#### Task brief:
A verbatim repetition of the data below is requested, without images.

#### Supplied data:
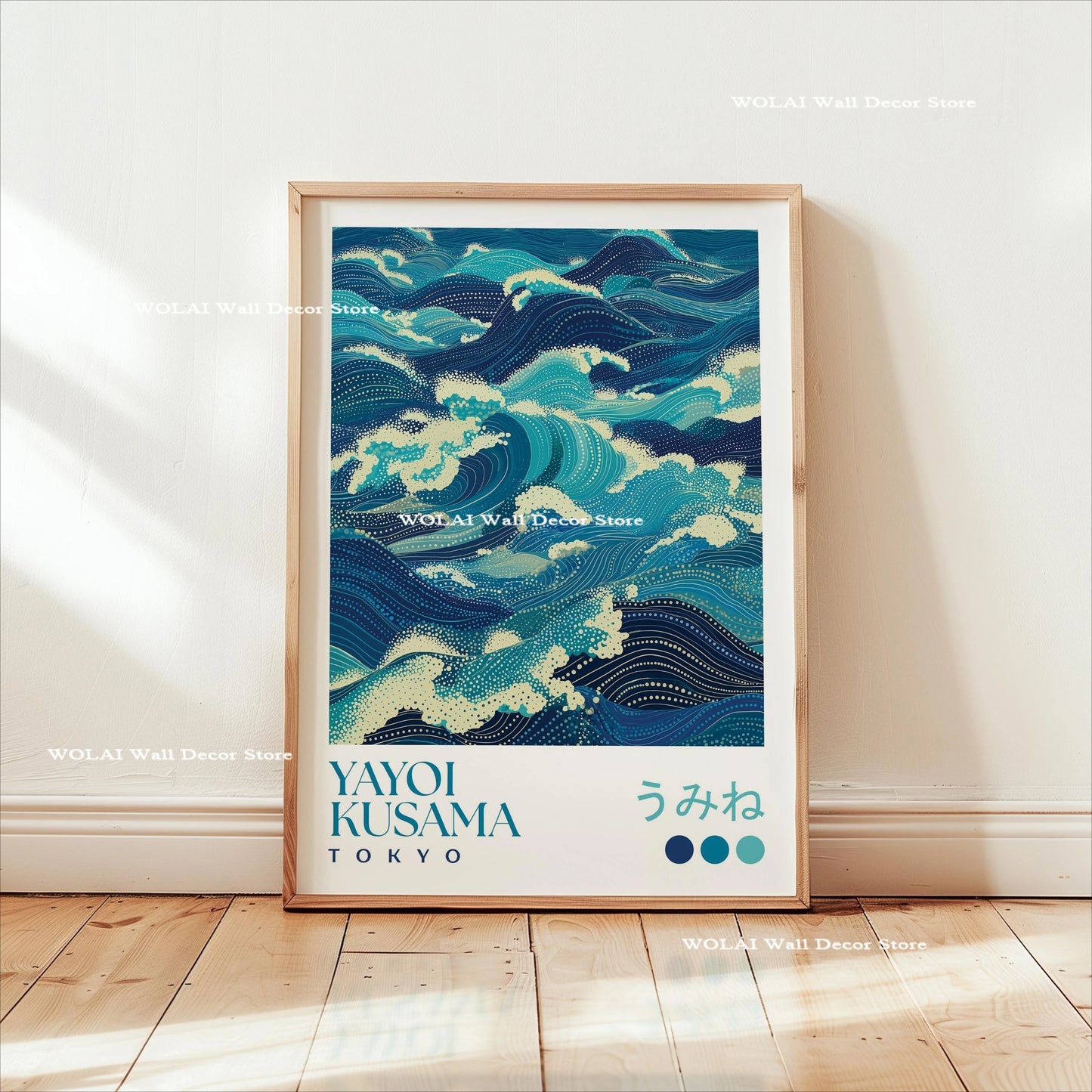 Yayoi Kusama Koi &amp; Jellyfish Canvas Poster &mdash; Japanese Hokusai Giant Wave Wall Art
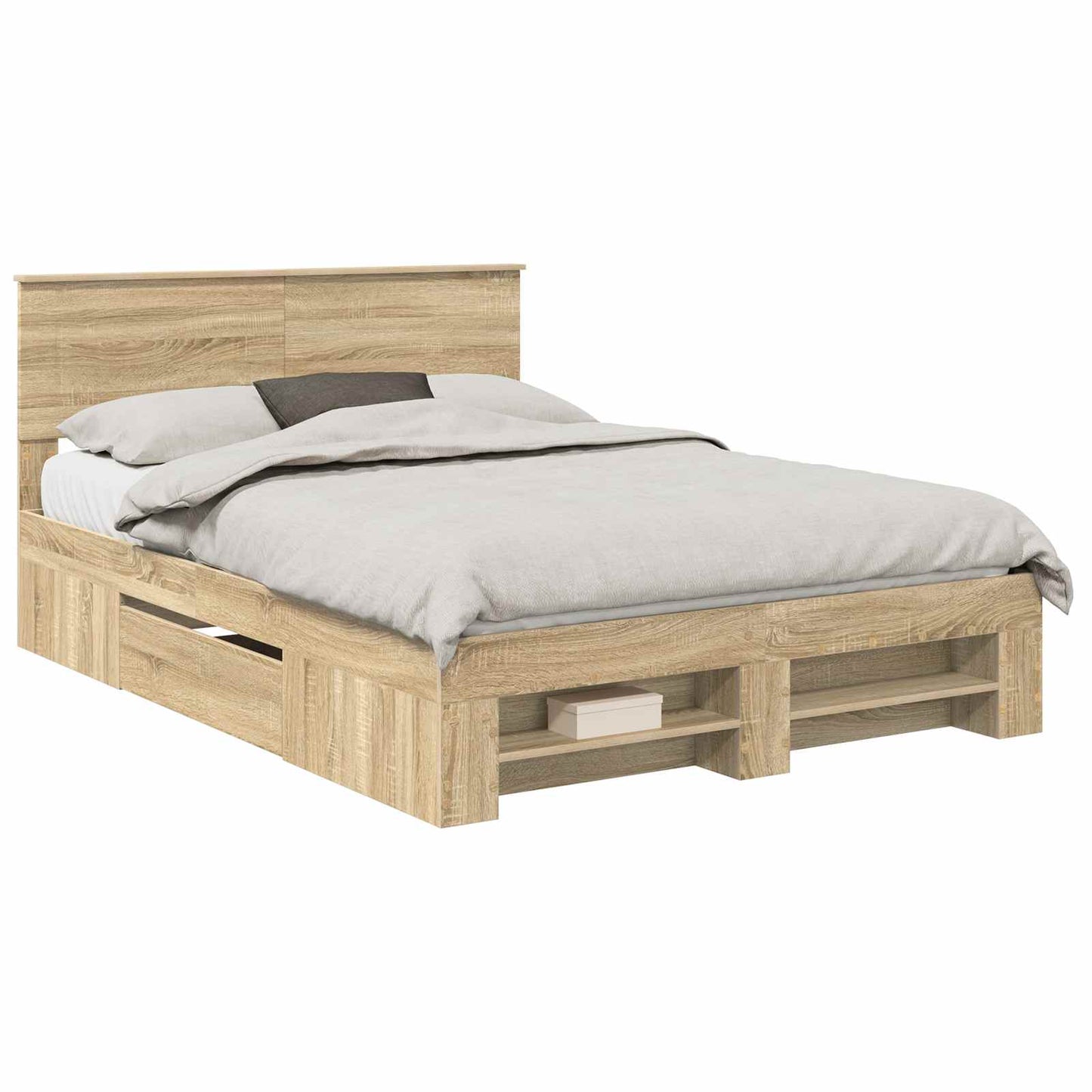 vidaXL Bed Frame Sonoma Oak 150 x 200 cm Engineered Wood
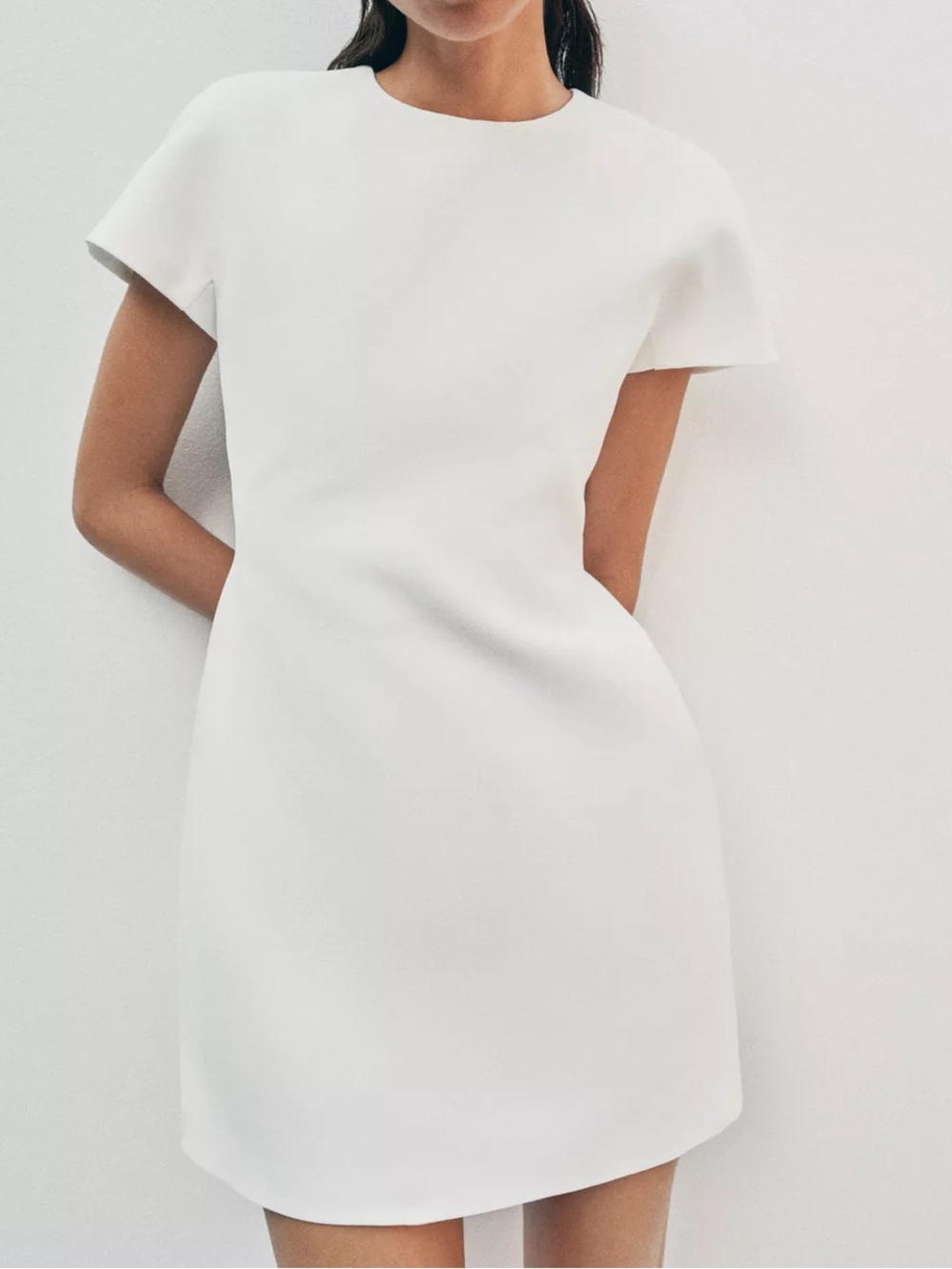 Zara White Short-Sleeve Mini Dress in Oyster White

#### Exercise answer:
 Yayoi Kusama Koi &amp; Jellyfish Canvas Poster &mdash; Japanese Hokusai Giant Wave Wall Art
 vidaXL Bed Frame Sonoma Oak 150 x 200 cm Engineered Wood
 Zara White Short-Sleeve Mini Dress in Oyster White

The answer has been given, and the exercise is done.